The OPs complaints to me read as: nobody wants these features because the
stock model works for OP, and that the price was jacked up to cater to an
industrial market. I addressed the second point above - to stay in business,
hardware costs money.

On the first point, the product definitely provides benefits over the stock
Pi. If you need those improvements, you need them. The $35 model will die if
you plug in a logic level that isn't 3V3. It certainly won't handle standard
RS-232. It doesn't have a proper power jack - either USB Micro or two GPIO
pins (no latching). It also doesn't come with a DIN rail mounting system, nor
an RTC, nor a UPS, nor a good voltage regulator. Some people might want those
features (I've worked jobs where they would have been useful.)

Also on the buzzer front - not all DIN boxes are in factories. They're used
inside buildings for power distribution and fuses, in greenhouses to control
irrigation systems. These aren't necessarily noisy environments.

------
snops
The big problem with using the raspberry pi in industrial applications is the
single source and short production lifespan gauruntee (6 years [1]) making
maintainance or long term production difficult. Industrial machines (e.g.
printing presses) will easily last decades, and you often hear of problems
finding suitable replacement electronics for them, so basing your control
system on a single sourced component is a bit dangerous.

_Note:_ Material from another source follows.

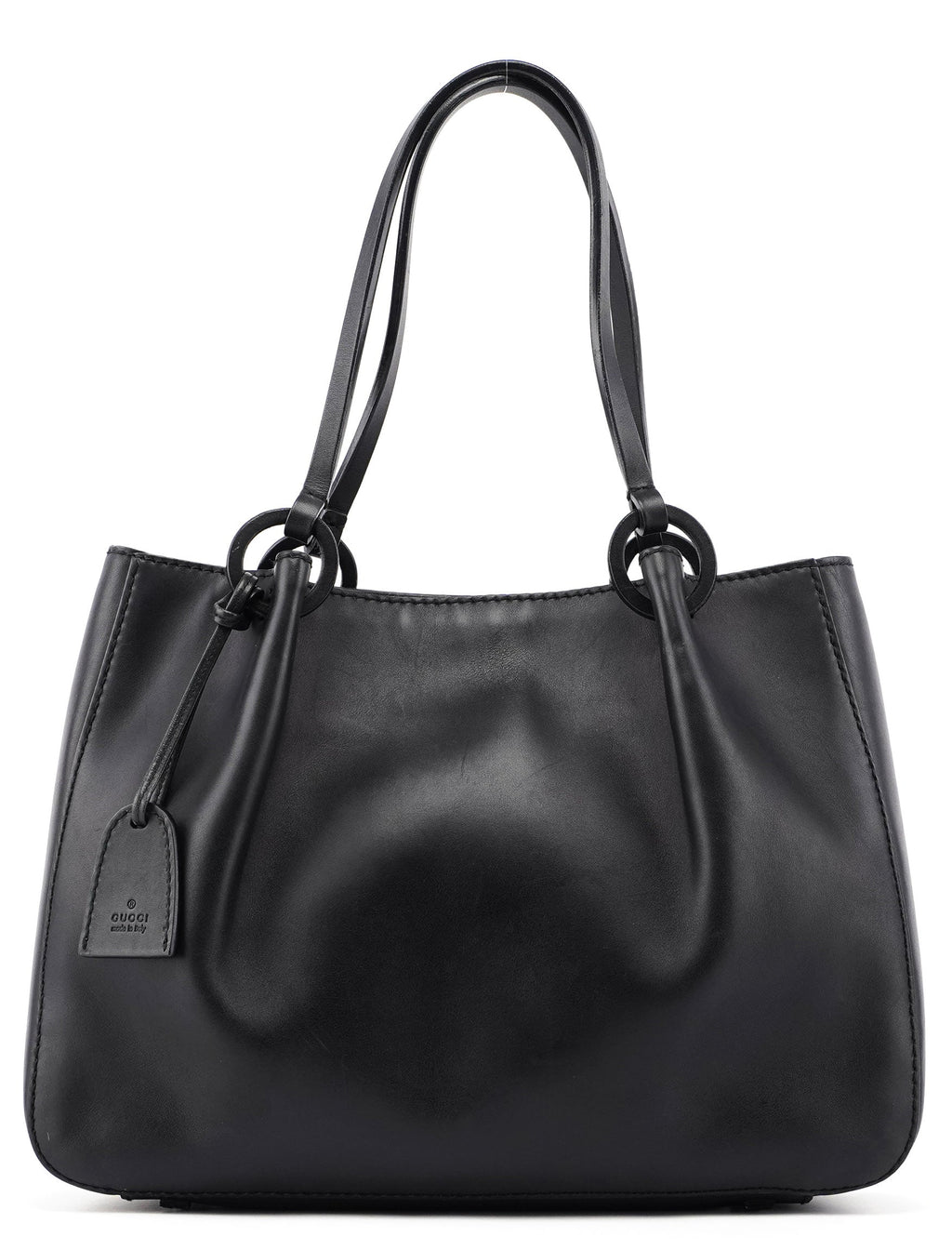 2002 Calfskin Tote Bag With Pouch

Other single board computers or system on module offer 10 year production
lifetimes from introduction, e.g Variscite. This is possible as the
manufacturer of the SoC (generally NXP or TI) also gauruntee to produce the
silicon for 10 years, and as (unlike Broadcom) they will sell to anyone,
alternative boards are available with the same processor should one board
manufacturer go bust. They are a bit more expensive, but a trivial percent of
the overall cost for an industrial application, and the difference isn't that
much once you add a case, protection, industrial power supply etc.

1\.
[https://www.raspberrypi.org/forums/viewtopic.php?t=193995](https://www.raspberrypi.org/forums/viewtopic.php?t=193995).

------
halbritt
I've been testing this one from Balena (formerly Resin)

[https://www.balena.io/fin/](https://www.balena.io/fin/)

It's a carrier for the Raspberry Pi compute module. Solves many of the
problems it has in an industrial environment. It takes 6-24vdc, has real eMMC
storage, an RTC, a hardware coprocessor that can be used as a watchdog and an
mPCIE. I think there's a DIN case for it as well.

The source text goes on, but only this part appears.